Da ieri fino al 30 gennaio 2021 si può visitare (ingresso libero, previa prenotazione) la mostra Zhang Hang. The Body as Language presso la Galleria Giampaolo Abbondio, in via Porro Lambertenghi 6, nel quartiere Isola a Milano. Curata da Flavio Arensi, la rassegna, che rimarrà aperta anche durante il ponte di Sant’Ambrogio, ripercorre gli anni di formazione di Zhang Huan tra la Cina e New York attraverso una serie di opere fotografiche che documentano le sue performance più famose, da quelle degli anni novanta fino a My Rome, che chiudeva di fatto la sua stagione performativa, per lasciare spazio alla progettazione di installazioni su grande scala. Giocate sul confine tra Oriente e Occidente, le performance di Zhang Huan esplorano il corpo come incontro e scontro di diverse culture.
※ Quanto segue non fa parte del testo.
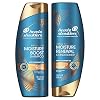 Head & Shoulders Royal Oils Moisture Shampoo and Conditioner Bundle, 27 fl oz, Kit (Package May Vary)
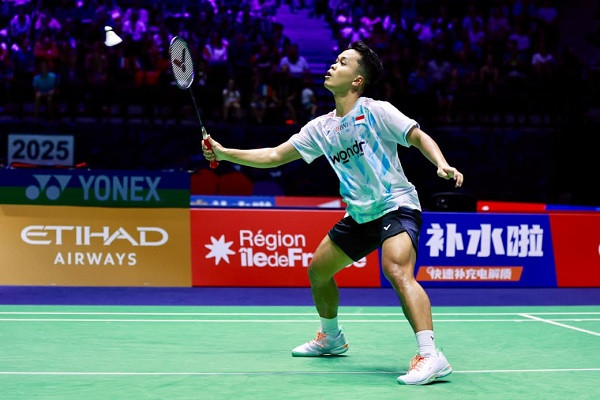 Ginting Tersingkir, Jojo Melaju ke Babak 32 Besar
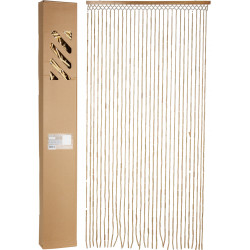 RID PORTE PERLE NOUILLES BAMBOU 90X180CM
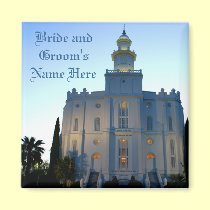 St.GeorgeTemple-Magnet-Customizable magnets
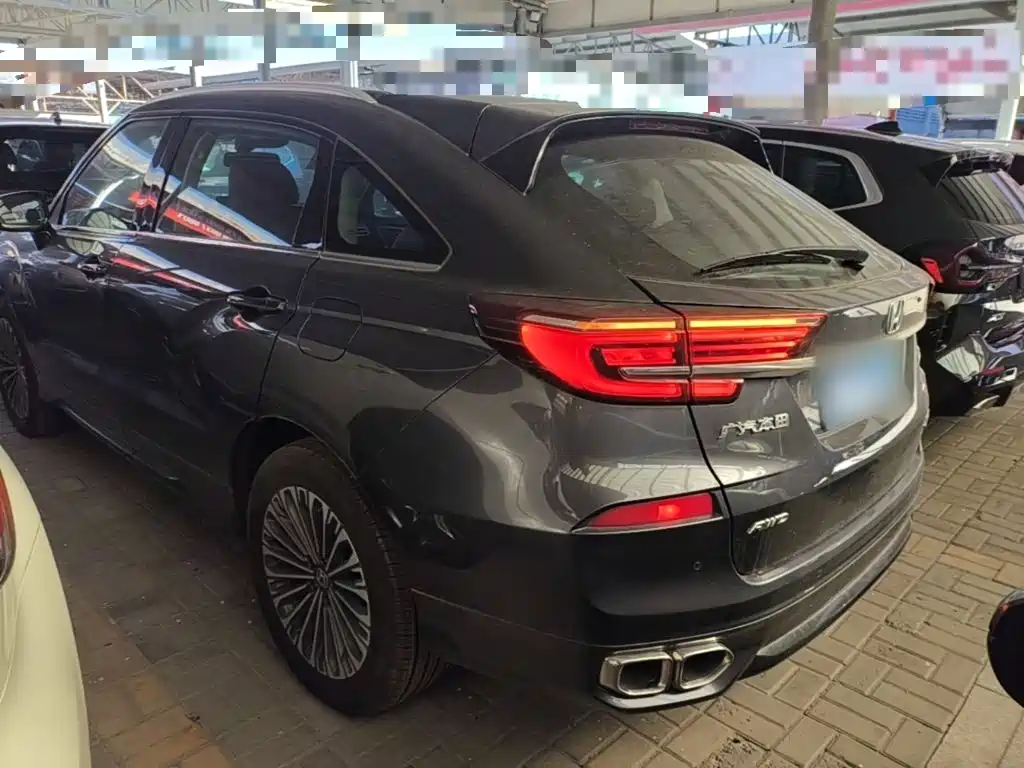 Honda Avancier — миниатюра 5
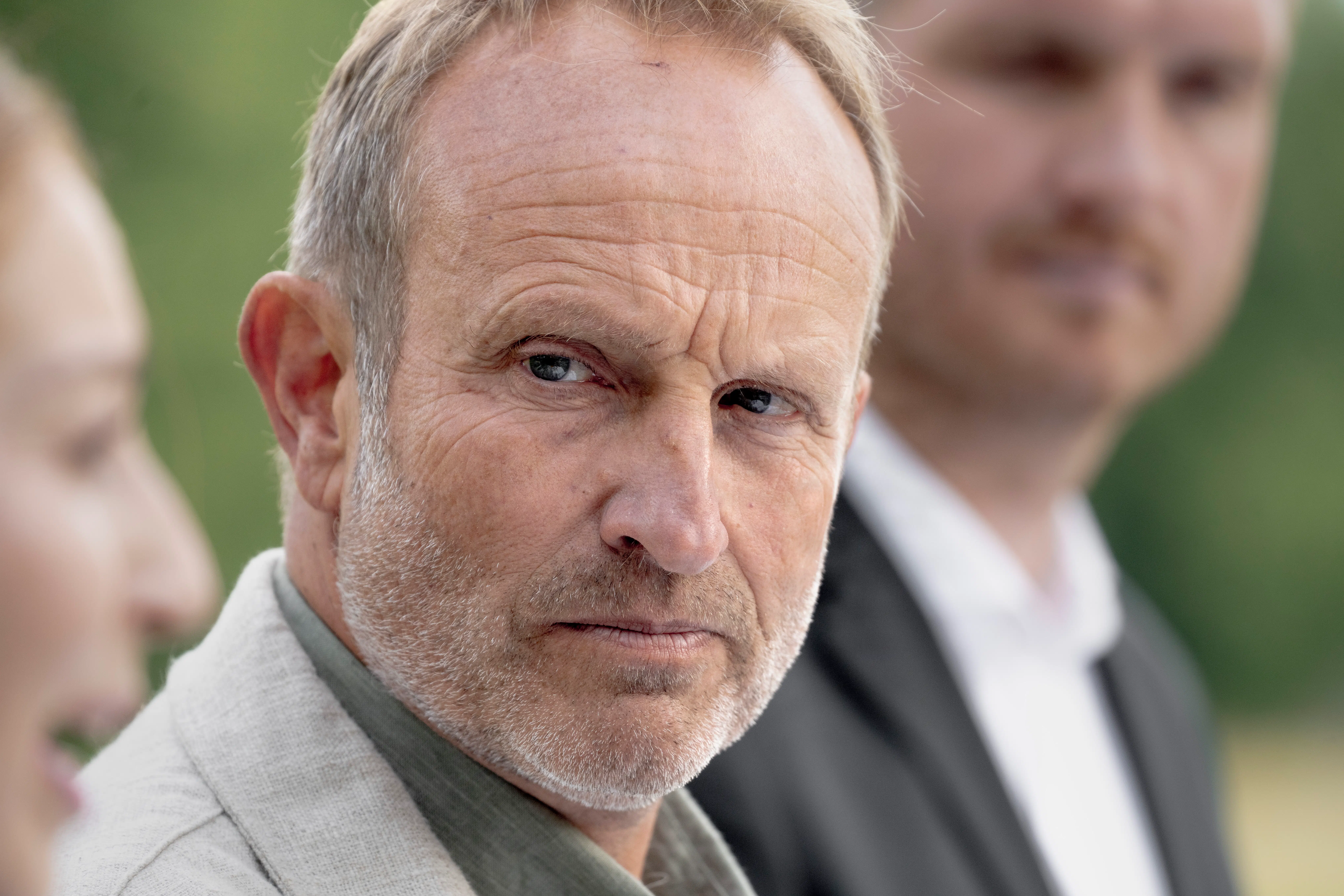 Martin Lidegaard er tilbage, hvor han gerne vil være. Men på et slot i Nordsjælland blev prisen tydelig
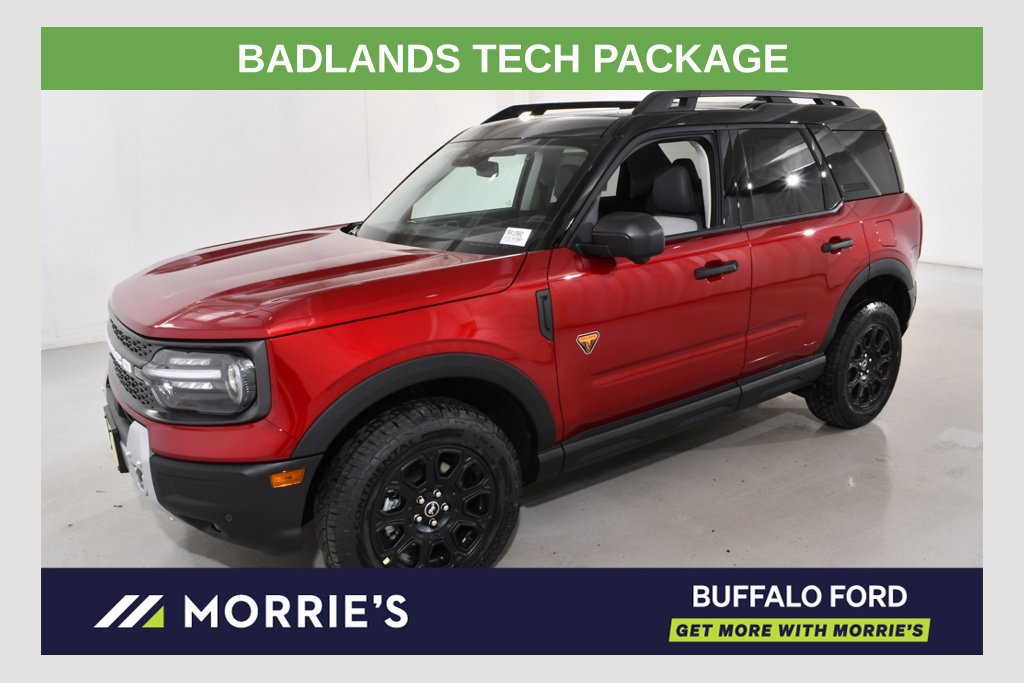 New 2026 Ford Bronco Sport Badlands w/ Badlands Tech Package AWD/4WD image 1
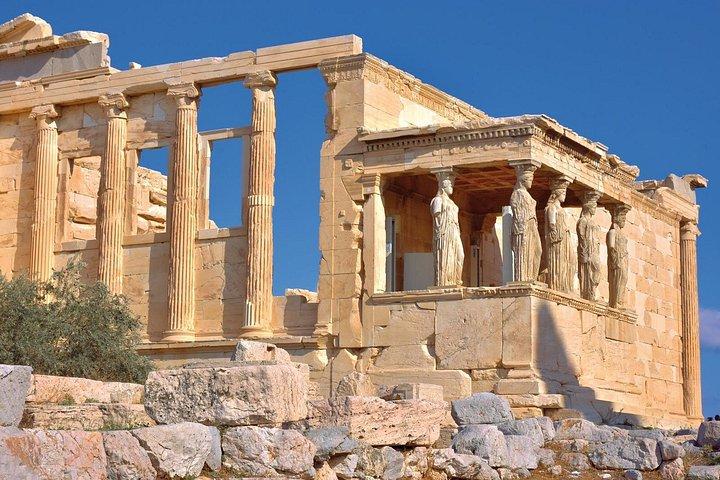 Acropolis & Athens Highlights with Food Tasting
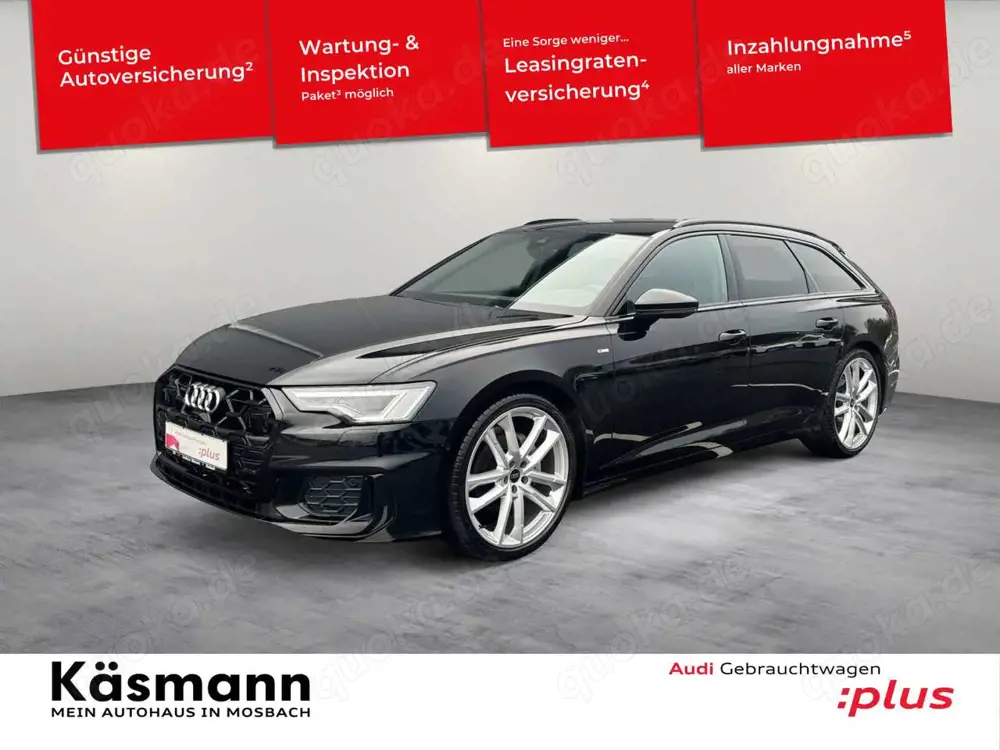 Audi A6 S line 40TDI qu AHK MATRIX 360 ACC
Il titolo della rassegna è un omaggio a Lea Vergine, la prima studiosa italiana che riconobbe alla body art la giusta considerazione storica e critica. Prendendo inspirazione dall’immaginario popolare cinese e da elementi delle filosofie orientali a lui vicine, l’artista reinterpreta queste mitologie e indaga il potere dei rituali nella formazione e demistificazione dell’identità. (In apertura un’immagine tratta da To Raise the Water Level in a Fishpond – 1997).
Ne sono un esempio le fotografie – che si trovano in esposizione – della serie Family Tree che documenta la performance in cui Zhang Huan aveva chiesto a tre calligrafi di scrivere sul suo volto in ideogrammi cinesi, miti e divinazioni della tradizione popolare cinese, dalle prime luci dell’alba fino a sera. Nel corso della giornata l’iscrizione di questi racconti aveva tramutato il viso dell’artista fino a renderlo irriconoscibile: al calare della notte, il volto di Huan, diventato completamente nero, simboleggiava l’impossibilità di definire un’identità precisa.
Il percorso prosegue con To Raise the Water Level in a Fishpond, in cui l’artista insieme a una quarantina di persone si immergeva nell’acqua di uno stagno tentando di alzarne il livello dell’acqua, per trascendere il significato di un detto cinese, secondo il quale un singolo individuo non poteva influenzare l’ambiente circostante, dimostrando come una comunità riunita per una causa comune possa fare la differenza, quindi con 3006m3: 65Kg realizzata nel 1997 al Watari Museum di Tokyo, dove ‘3006 m3’ indicava il volume totale del museo giapponese e ‘65 kg’, il peso dell’artista. Legato alla struttura da centinaia di tubi usati per le trasfusioni di sangue, Zhang Huan cercava di abbattere il museo, uno dei simboli della civiltà moderna, ricevendo in cambio di essere sbattuto indietro verso le mura dello stesso museo, dalla tensione elastica dei tubi. La mostra si chiude idealmente con My Rome, dove il corpo diventa tramite tra la cultura tradizionale cinese e l’occidente, rappresentando il suo incontro con le statue della Roma antica conservate nei Musei Capitolini. In questa performance, Zhang Huan si relaziona con il Marforio, l’enorme scultura marmorea di epoca romana, risalente al I secolo d.C., raffigurante una divinità fluviale, utilizzata come immagine promozionale de La grande bellezza di Paolo Sorrentino.